[I18n-sig] codecs module, readlines and xreadlines

Martin v. Löwis martin@v.loewis.de
17 Jan 2003 11:15:31 +0100


"M.-A. Lemburg" <mal@lemburg.com> writes:

> I'd say: let the codecs decide what to do here. 

Certainly. Unfortunately, this is not possible at the moment, since it
is already codecs.open which uses binary mode, and the codec has no
way of knowing what the original opening mode was.

> After all, codecs.open() only provide an interface to the codecs and
> leaves all the processing to them. If a codec thinks that line ends
> should all be converted to '\n' then so be it. That's also why
> codecs.open() appends an 'b' to the mode in case it is not already
> there: otherwise opening files in e.g.  UTF-16 on Windows would lose
> big.

Again: I do think that it is correct to open the underlying stream in
binary. The question is whether the codec should perform newline
translation (in addition to decoding, and probably after it).

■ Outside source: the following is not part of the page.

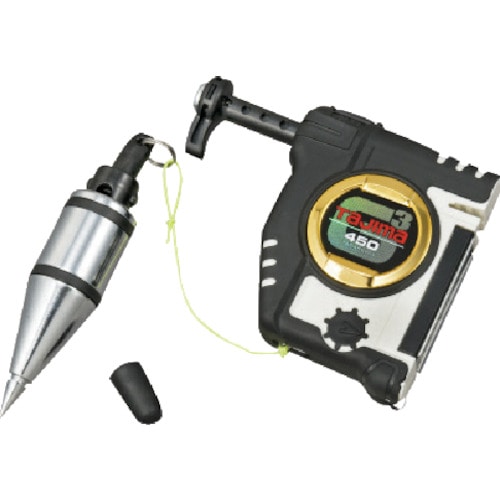 トラスコ中山 タジマ パーフェクトキャッチG3-450クイックブラ付 白(ご注文単位1個)【直送品】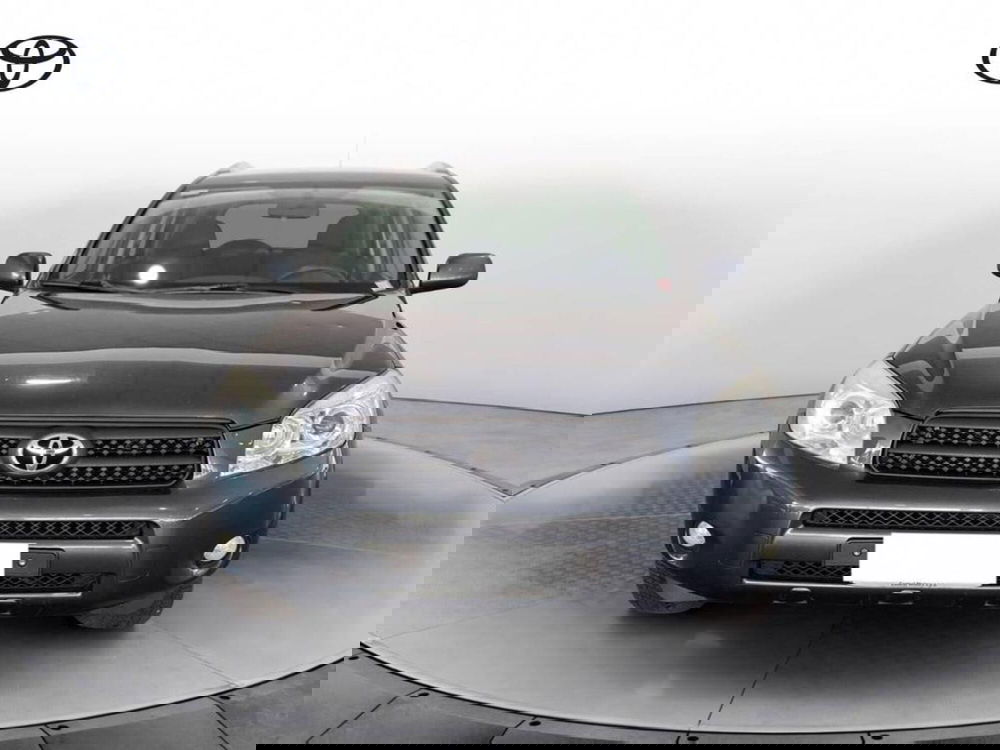 Toyota Rav4 usata a Torino (2)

> I think that the codecs.open() kind of treatment is more reliable
> than the open() one for text files. Simply because you always know
> what will happen [...]

This is not really true. The OP complains that you *cannot* know what
how line ends will be represented. For the builtin open, you know that
a line end will be always \n in text mode, even more so in universal
mode. As it is, the representation of a line end in the Unicode data
is platform dependent, which is bad for portability.

Regards,
Martin